4 Gambler’s Ruin, Revisited

Consider the following controlled version of Gambler’s Ruin in which the gambler places bets on the outcome of a biased coin flip. Assume the gambler’s worth is between 0 and N (i.e., S = { 0, 1, ..., N } ∪ { END }). At each state s, the gambler stakes some amount n in the range $A = \{ 1, \ldots, \min\{s,N-s\} \}$ . The coin turns up heads with probability p and tails with probability 1 - p. If the coin turns up heads, the gambler wins the amount he stakes (i.e., he transitions to state s + n); otherwise, the gambler loses the amount he stakes (i.e., he transitions to state s - n). A reward of 1 is received upon transitioning to state N; all other rewards are 0. The gambler transitions from states 0 and N to the absorbing state END, deterministically. The constraints on the gambler’s range of actions ensure that (i) he stakes at least $1 but no more than his worth; (ii) he stakes no more than N - s, preventing his worth from ever exceeding N.

(a) Draw the corresponding MDP, assuming the gambler’s worth is limited to $5 (i.e., N = 5).

(b) What is the optimal policy if p < 0.5, N = 100, and γ = 1. Why? (Solve this problem by implementing value iteration or policy iteration.)

5 Model-Based Learning

The figure below depicts a Markov reward process with seven states.
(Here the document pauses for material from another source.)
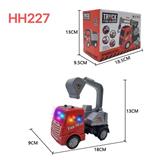 OBL10449021 - 电动万向工程车带3D灯光音乐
Every state except the terminal state has two possible successors, each of which occurs with probability 0.5. Rewards are associated with transitions as shown.
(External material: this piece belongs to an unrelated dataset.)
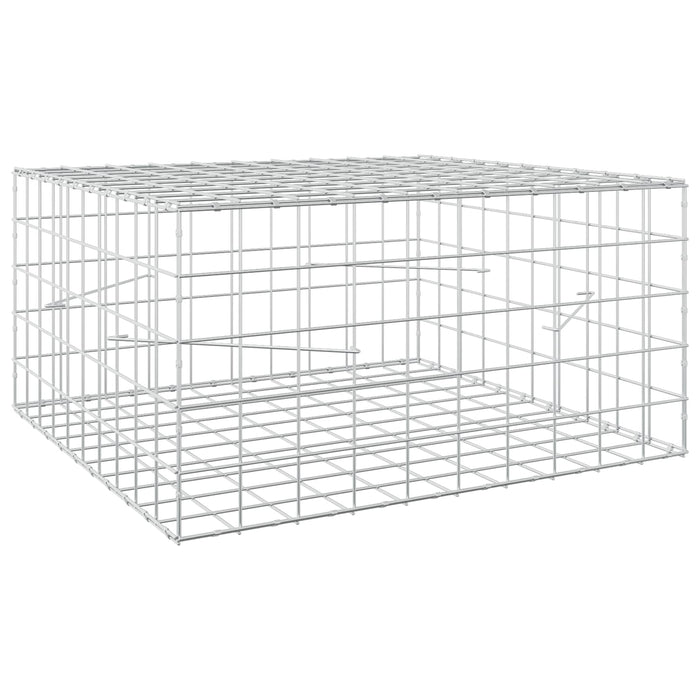 Gabion cu Fir de 3,5 mm și Plasă de 10x10 cm 100x100x50 cm WALTI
Suppose the following sample trajectories are observed:

$6 \arr{-3} 5 \arr{-3} 4 \arr{-3} 3 \arr{-3} 2 \arr{-3} 1 \arr{-1} 0$
$6 \arr{-3} 4 \arr{-3} 2 \arr{-3} 0$

Assume the values V(s) are initialized to 0, the learning rate α = 0.5, and the discount factor γ = 1.

(a) After learning from the first of these trajectories, what value does Monte-Carlo learning assign to each state?

(b) After learning from the second of these trajectories, what value does TD learning assign to each state?

(c) An alternative to TD or Monte-Carlo learning is to use the observed sample trajectories to construct a “best guess” at the model that generated those trajectories, and then to solve that model using policy evaluation.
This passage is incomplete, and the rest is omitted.